Exercise
Using the entries below, show all lines with the string "villages".

Information
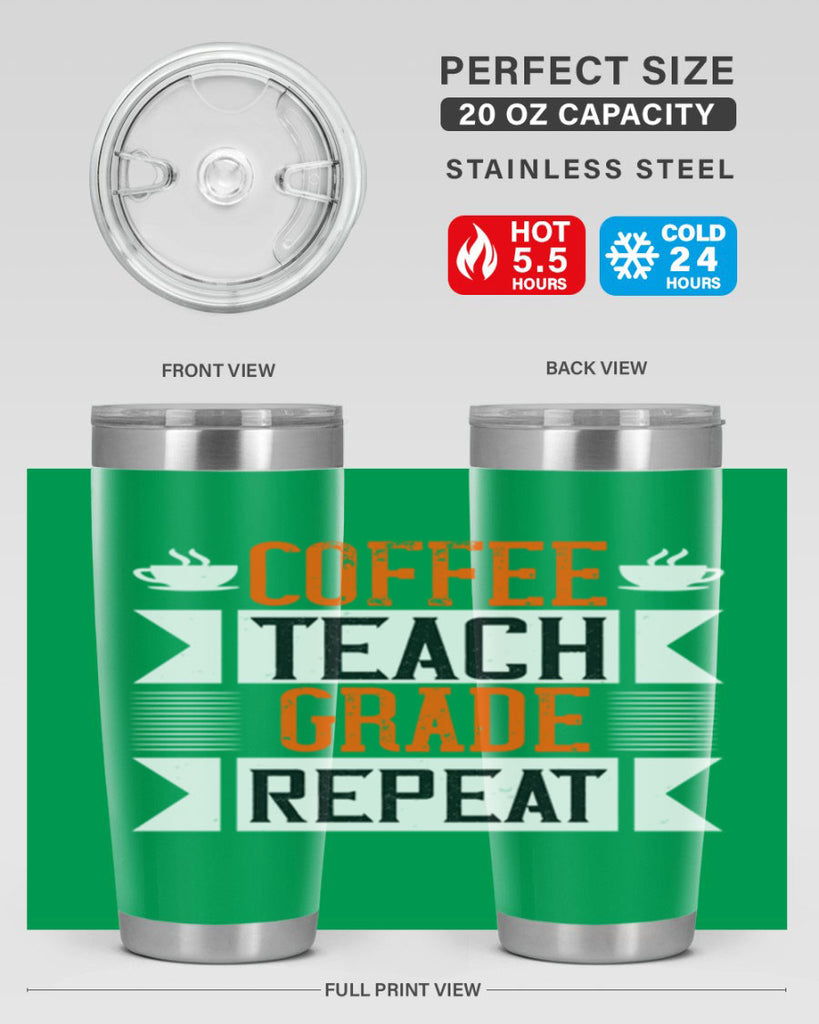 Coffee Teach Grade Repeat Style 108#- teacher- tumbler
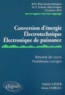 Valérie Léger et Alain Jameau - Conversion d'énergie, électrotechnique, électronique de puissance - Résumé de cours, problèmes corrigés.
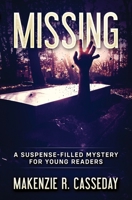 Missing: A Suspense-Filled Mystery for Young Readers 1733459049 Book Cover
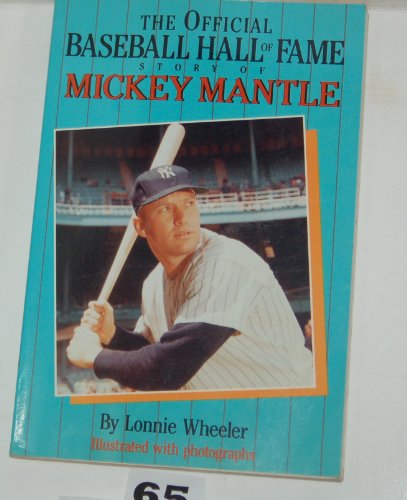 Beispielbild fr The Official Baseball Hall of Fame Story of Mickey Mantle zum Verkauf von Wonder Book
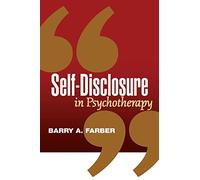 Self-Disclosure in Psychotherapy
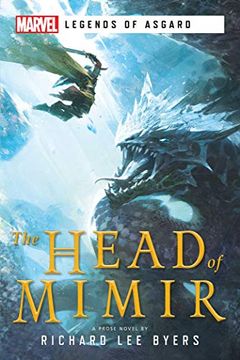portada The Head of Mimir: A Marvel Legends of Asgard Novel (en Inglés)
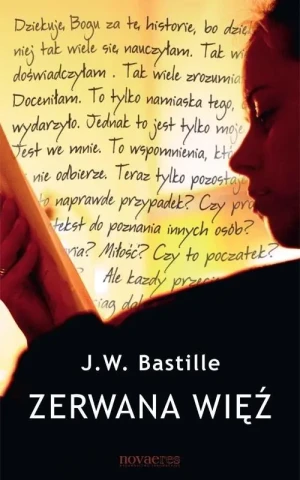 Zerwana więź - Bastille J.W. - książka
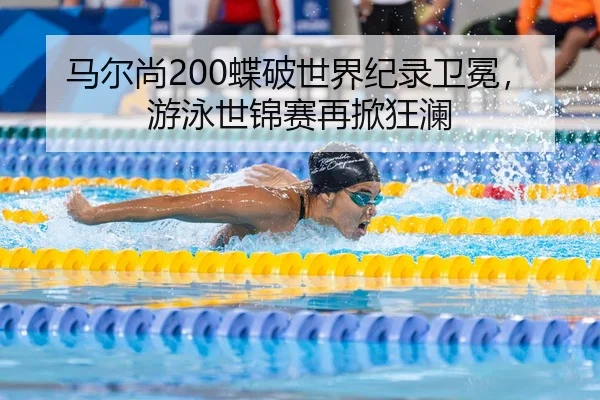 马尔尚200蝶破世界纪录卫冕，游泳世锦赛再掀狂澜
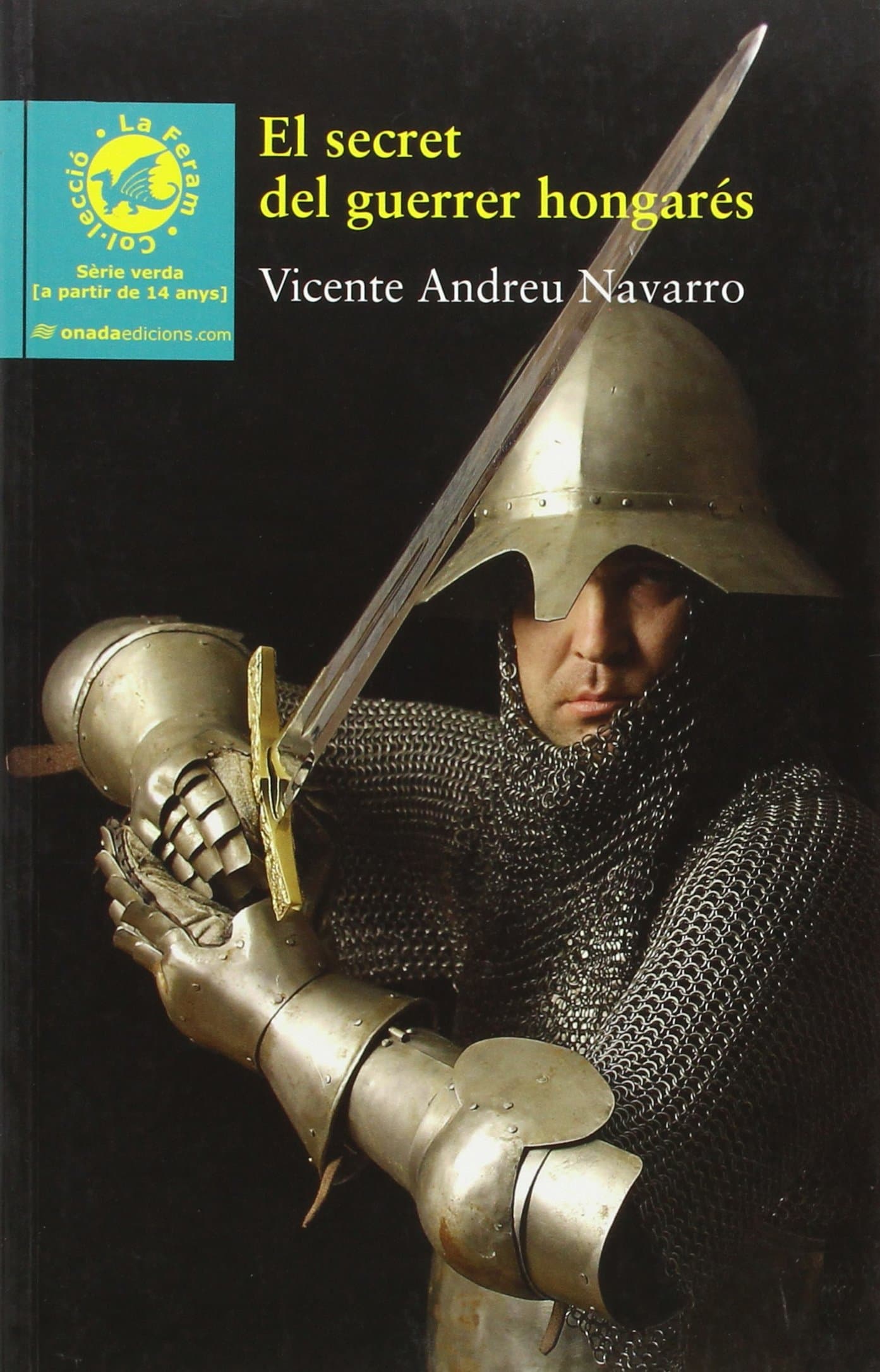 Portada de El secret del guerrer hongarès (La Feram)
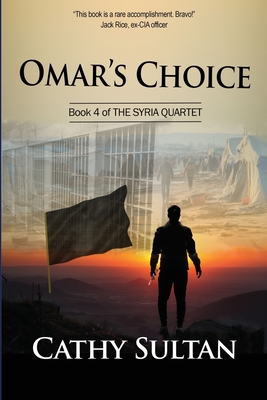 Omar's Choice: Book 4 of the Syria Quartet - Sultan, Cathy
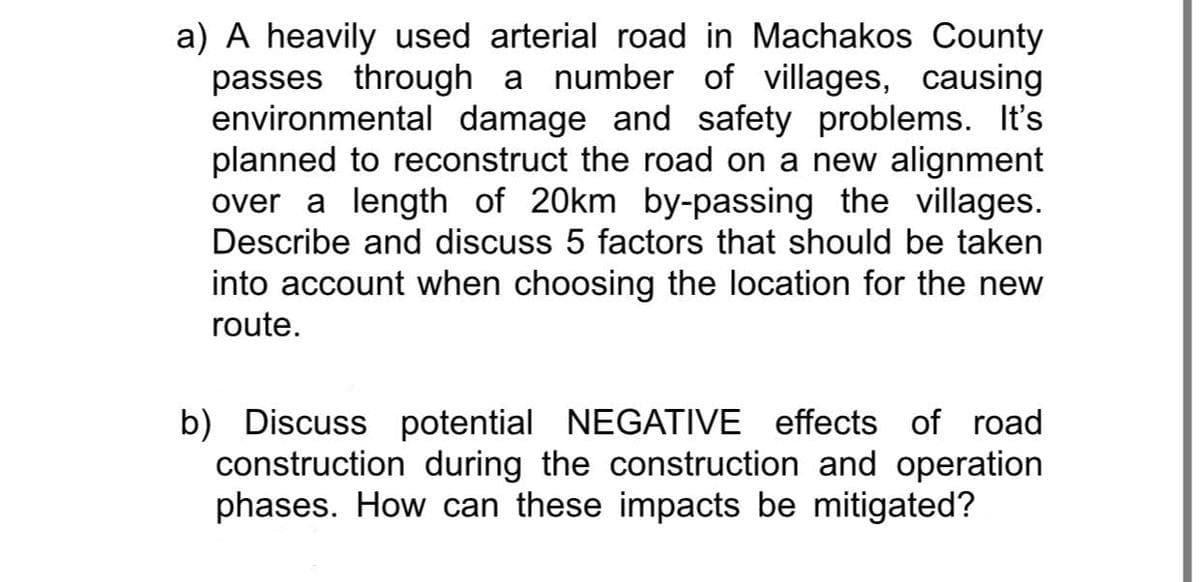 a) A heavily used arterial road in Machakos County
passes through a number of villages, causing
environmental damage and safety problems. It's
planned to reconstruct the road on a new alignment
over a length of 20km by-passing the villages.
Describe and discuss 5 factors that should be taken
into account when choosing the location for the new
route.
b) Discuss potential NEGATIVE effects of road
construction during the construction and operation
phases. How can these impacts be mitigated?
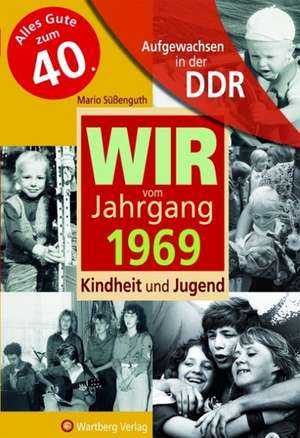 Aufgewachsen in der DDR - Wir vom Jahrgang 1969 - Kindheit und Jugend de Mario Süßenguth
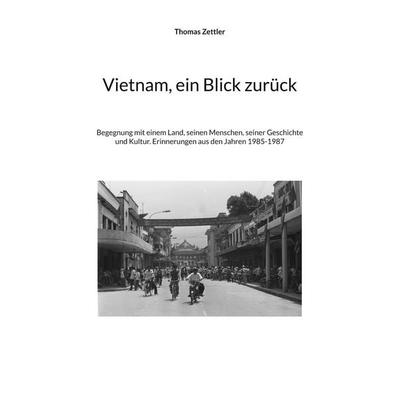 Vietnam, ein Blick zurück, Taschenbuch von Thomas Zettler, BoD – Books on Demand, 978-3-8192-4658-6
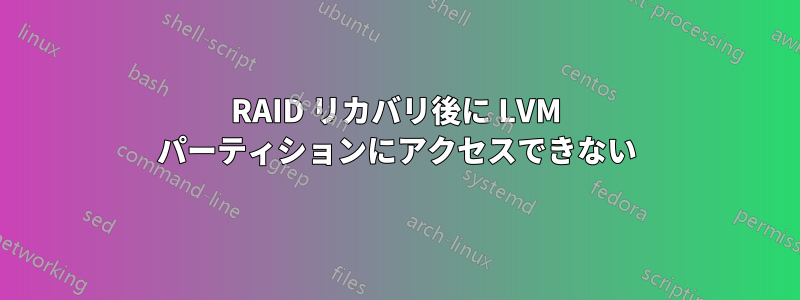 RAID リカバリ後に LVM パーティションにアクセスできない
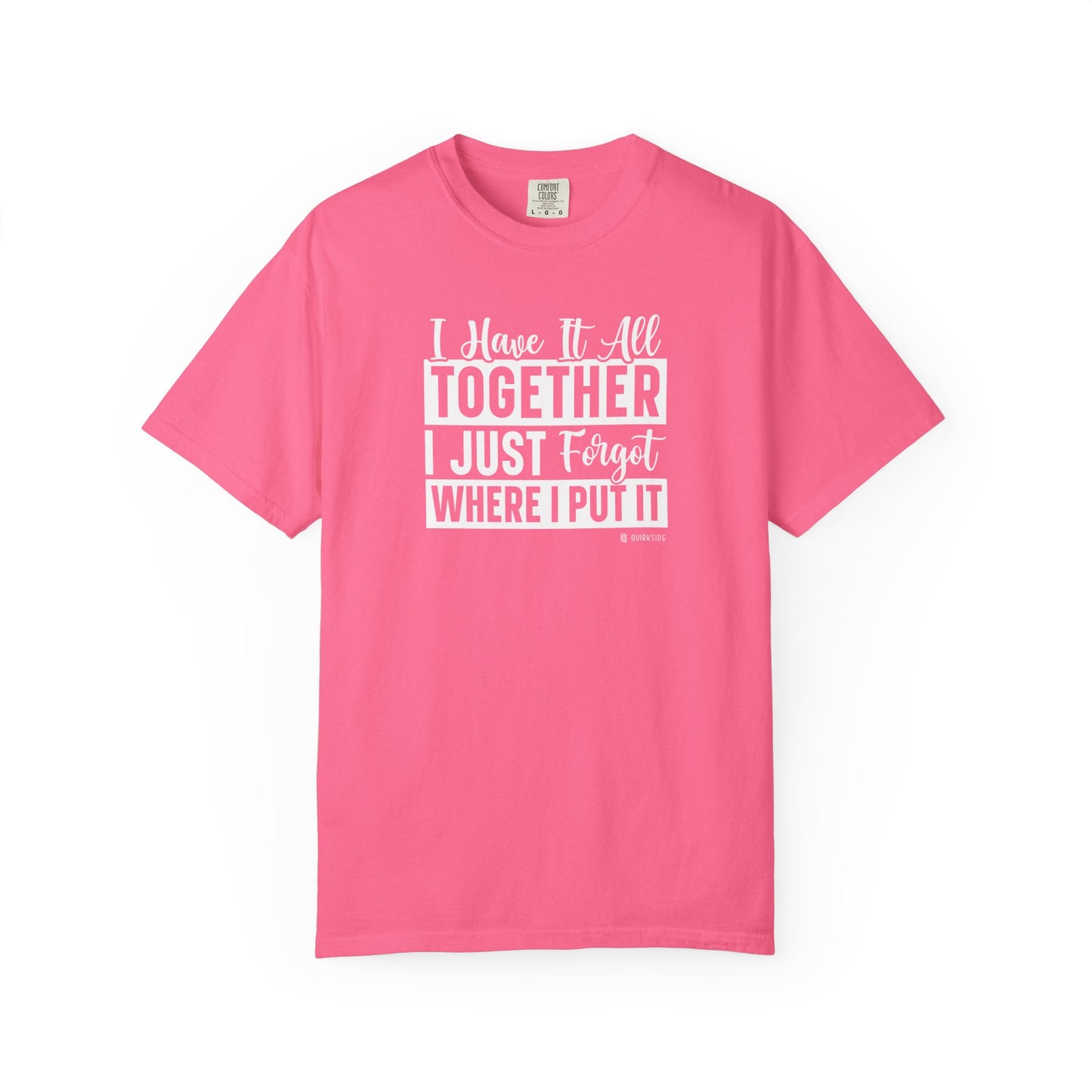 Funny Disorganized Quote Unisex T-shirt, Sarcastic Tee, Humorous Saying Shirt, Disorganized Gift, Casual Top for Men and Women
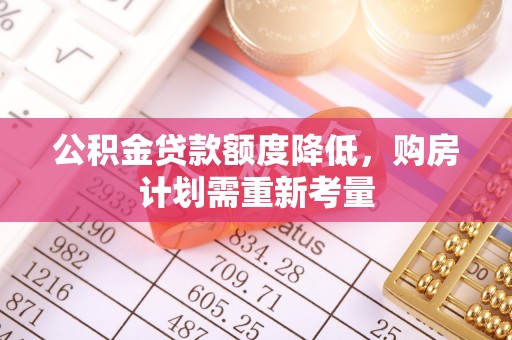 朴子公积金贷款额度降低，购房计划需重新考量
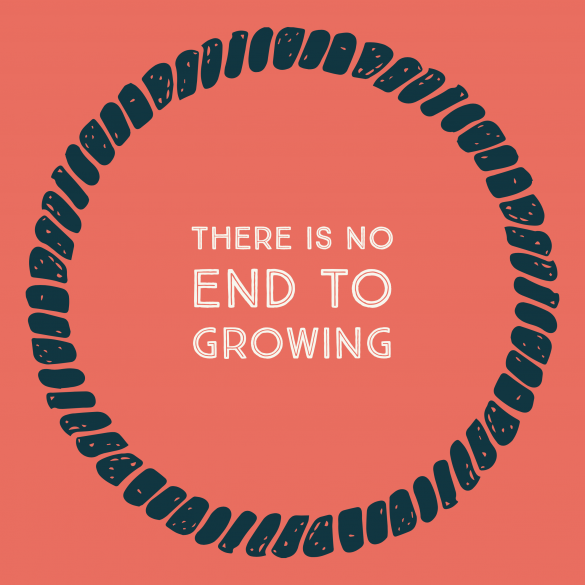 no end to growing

Output for this task
passes through a number of villages, causing
over a length of 20km by-passing the villages.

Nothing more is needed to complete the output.